Implement /search command for semantic search across all stored content. Uses Voyage AI voyage-3.5-lite for embeddings with in-memory numpy cosine similarity ranking. Embeddings are generated incrementally during pipeline cycles and cached in memory for fast search. New files: - services/search.py: SearchService, EmbeddingProvider protocol, VoyageEmbeddingProvider - discord/cogs/search.py: SearchCog with /search slash command Modified files: - models.py: ContentEmbedding model with ORM cascade from ContentItem - repository.py: Embedding CRUD and search query methods - pipeline.py: Optional embed_pending() call in run_cycle - content_posting.py: Wire SearchService creation when voyage_api_key set - bot.py: search_service attribute, register SearchCog - config.py: voyage_api_key, search_embedding_model, threshold, max_results - pyproject.toml: numpy, voyageai dependencies + mypy override

greptile-apps

Your free trial has ended. If you'd like to continue receiving code reviews, you can add a payment method here.

user1303836

Thorough review of the semantic search implementation. Overall this is solid work -- clean architecture, good test coverage, and proper integration with existing patterns.

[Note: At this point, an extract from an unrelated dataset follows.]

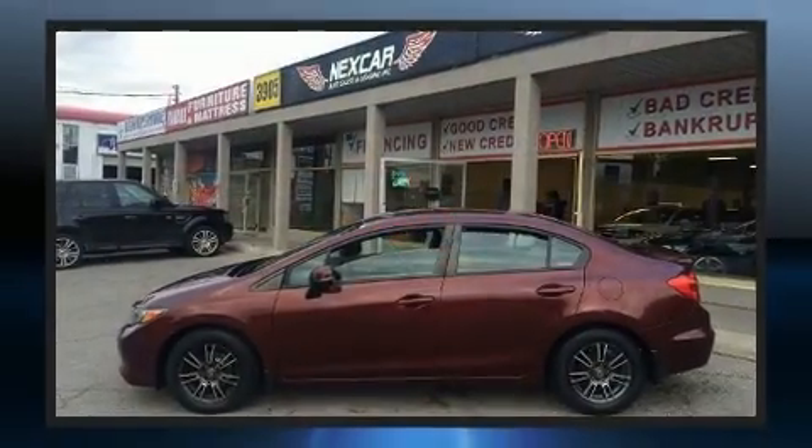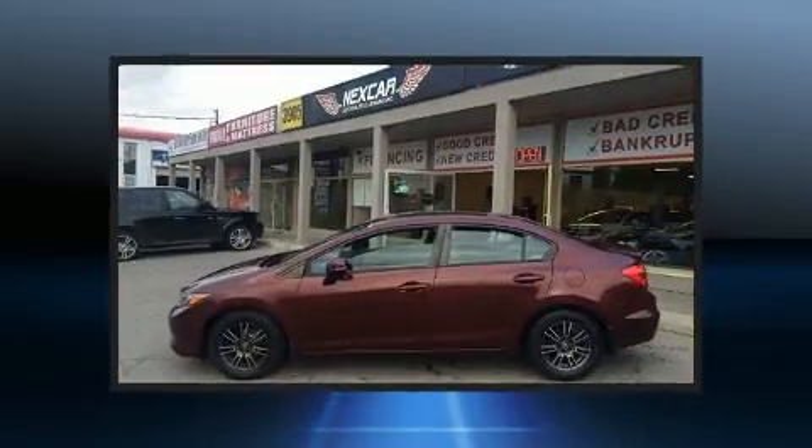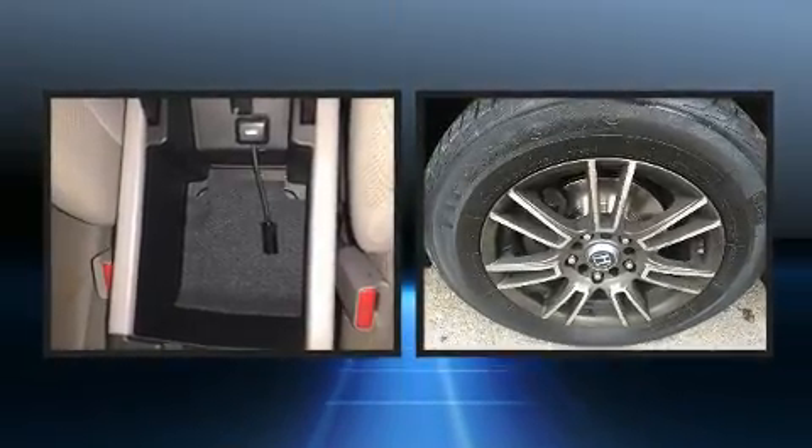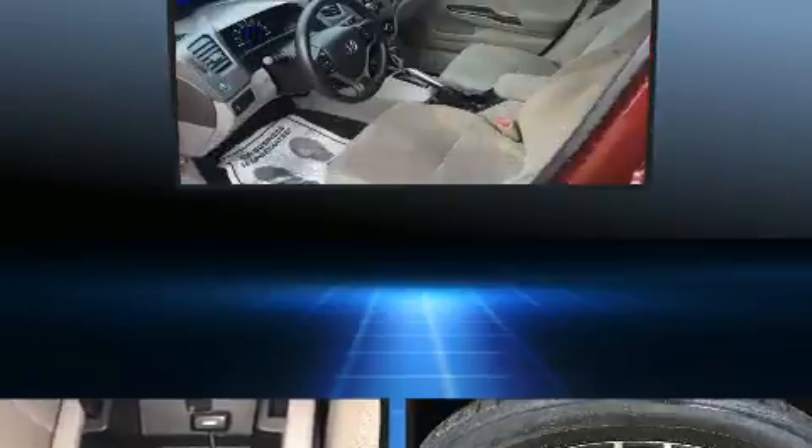You and your passengers will enjoy the stereo system, which includes a CD player with MP3 capability, steering wheel mounted audio controls, and four well-positioned speakers.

However, there are a few blocking issues that need to be addressed before merge:

Blocking Issues:

Zero-norm vector bug in cosine_similarity (search.py:65) - Division by zero when a zero-norm vector is passed. This can happen if an embedding API returns all zeros or if data gets corrupted. Add a guard.
_check_model_consistency() called on every search (search.py:102) - This hits the DB on every single search query. Should be called once during cache load or on a timer, not on the hot path.
No validation on days parameter (cogs/search.py:45) - Zero or negative values would produce nonsensical results. Add a minimum bound check.
Unhandled ValueError from SourceType(source_type) (repository.py:945) - If an invalid source_type string is passed, this raises an unhandled ValueError. Needs a try/except or pre-validation.
Missing zero-vector test (test_search.py) - Add a test for the zero-vector edge case in cosine_similarity to prevent regression.

Suggestions (non-blocking):

Consider batching embedding API calls in embed_pending instead of one call per item
Add a setup() function at the bottom of cogs/search.py for pattern consistency with other cogs
The hardcoded dimension = 1024 in VoyageEmbeddingProvider could be a lookup table keyed by model name

See inline comments for details.

user1303836 · 2026-02-06T17:21:59Z

src/intelstream/services/search.py

+        limit: int = 5,
+        threshold: float = 0.3,
+    ) -> list[SearchResult]:
+        await self._check_model_consistency()


[Blocking] _check_model_consistency() is called on every search() and every embed_pending() invocation, which means every single search query and every pipeline cycle hits the DB with get_latest_embedding(). This is unnecessary overhead for the hot path.

The design doc envisions this as a startup/initialization check. Consider calling it once on first use (similar to _ensure_cache_loaded) rather than on every call. You could add a _model_checked flag or combine the check into _ensure_cache_loaded.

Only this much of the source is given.